Wednesday, April 4, 2012

Start the Conversation Now

One recent evening in the Martin Luther King Jr. Room at Brookline High School, a cardiologist was in the middle of a presentation on “Communication and Care at the End of Life,” when he was asked when a family ought to begin discussing the challenging subject.
“In high school,” he said. “Before college.”
There was laughter in a room filled mostly with senior citizens. The cardiologist smiled, too. But it wasn’t a joke.
In fact, he said, high school students are of an age to comprehend the inevitability of death, and waiting till they’ve left for college is to miss an opportunity that may not come again.
Few hearing the advice were of an age likely to have children in high school. Grandchildren, perhaps. And so for them, the advice for when to begin the conversation would be: Now.
“These discussions take time,” said Dr. Wilfred Mamuya, of the Lown Cardiovascular Center, “and multiple meetings. It has to percolate. And if the person is not ready, they’re not ready. You just have to bring it up and bring it up and bring it up again.”
Why be so persistent with a conversation that nobody seems to want to have? Because so many people who say they want a “good death” and to die at home, die instead hooked up to ventilators and feeding tubes in an ICU, while families and physicians sort out best interests and difficult choices for a person who can no longer speak for him or herself.
In the speech, a presentation of the Brookline Community Aging Network, Dr. Mamuya told of the “communication triad: patient, family, and caregivers” central to the end-of-life conversation. (You can read Dr. Mamuya’s recent column on end-of-life care here.) 

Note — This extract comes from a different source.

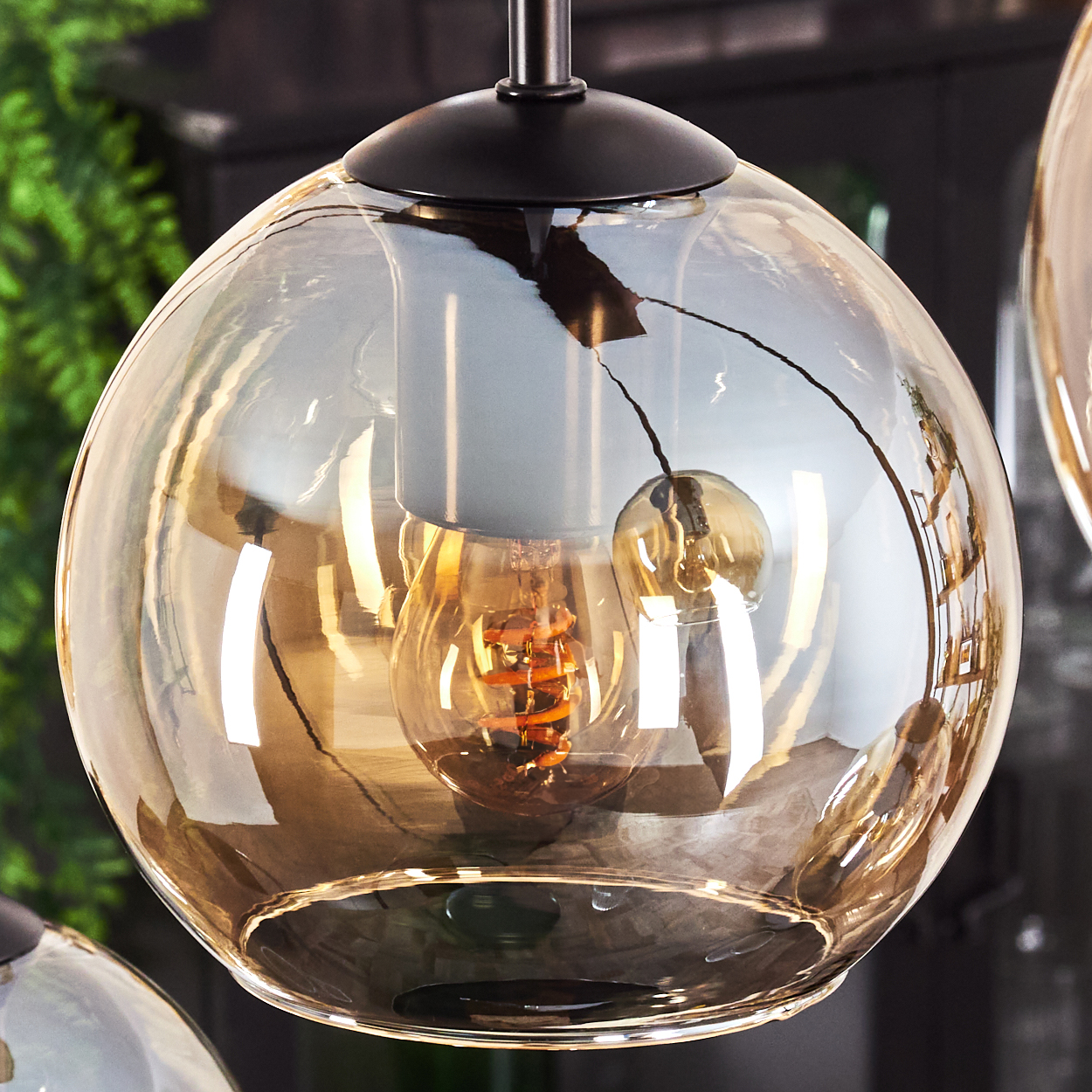 Nahaufnahme einer bernsteinfarbenen Pendelleuchte mit Edison-Glühbirne, zeigt Reflexionen und Details.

Although a few in attendance were under the age of 60, and there were one or two couples, mostly the listeners consisted of elderly women. And a significant piece of the triad was missing: the family members who will face the hard decisions, perhaps without a real sense of what their parent would have wanted.
Dr. Mamuya spoke of the problems inherent in a family’s earnest desire to “do everything” to prolong a life, when “doing everything” so often runs counter to the goal of a “good death.” He discussed advance directives, and specifically the Five Wishes, and the importance of putting such wishes into writing, and updating them every five years.
I left the presentation much as I’d arrived, concerned that physicians, as a rule, aren’t especially adept at the end-of-life conversation, and that the likes of Dr. Mamuya are exceptions to the rule.
But I also left more convinced that while the conversation with a physician is important, the place to really improve the likelihood of a “good death” is in ongoing conversation among family.
Starting in high school. Or, if it’s too late for that, starting now.